My final project for CS 294-115. The main idea is to use DQN but boost it with human data. Specifically, when the Q-Learning policy asks us to take a random action, we will usually (but not always, more on that later) take an action that is instead chosen by a previously trained classifier which maps from sequences of game frames (i.e. states) to actions. The classifier was trained on HUMAN data from my own gameplay, which should presumably be better than selecting random actions. The revised DQN code is in my other repository, which was forked from spragnur's version.
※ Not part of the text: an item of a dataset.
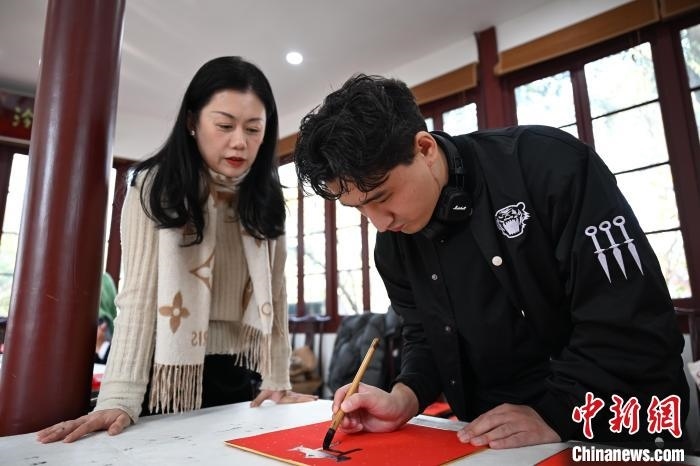 1月20日，外籍留學生在西泠印社社員李硯指導下寫福。當日，來自巴西、馬來西亞、加納、哈薩克斯坦的外籍留學生在浙江杭州西泠印社體驗福貼、春聯(lián)和篆刻，感受古老的中國傳統(tǒng)文化。中新社記者 王剛 攝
Make sure to follow these steps carefully!!! There's a lot of places in the pipeline where it's easy to make a mistake. The high level idea of this code is as follows: first the human plays Atari games to gather data in the form of (game frames, action), where the game frames are really four "consecutive", non-skipped frames. Then we train a neural network to classify from game frames to actions. Then we finally plug it inside a DQN learner, so that during the exploration phase, instead of playing random actions, we play the action that the classifier tells us to play based on the current game state. The hope is that this will boost early performance.
More detailed documentation now follows.
(1) Play games and gather data using scripts/human_player.py
. Each time that script is called, the human can play one "round" of an Atari game (e.g. for Breakout this would be one game with 5 lives). Then after the script is done, the saved game frames, actions, and rewards are saved in appropriate files within directories named after the game itself and after the game ID (i.e. from 0 to however many games one plays). This will save ALL game frames in full RGB format, so make sure there's enough memory for this.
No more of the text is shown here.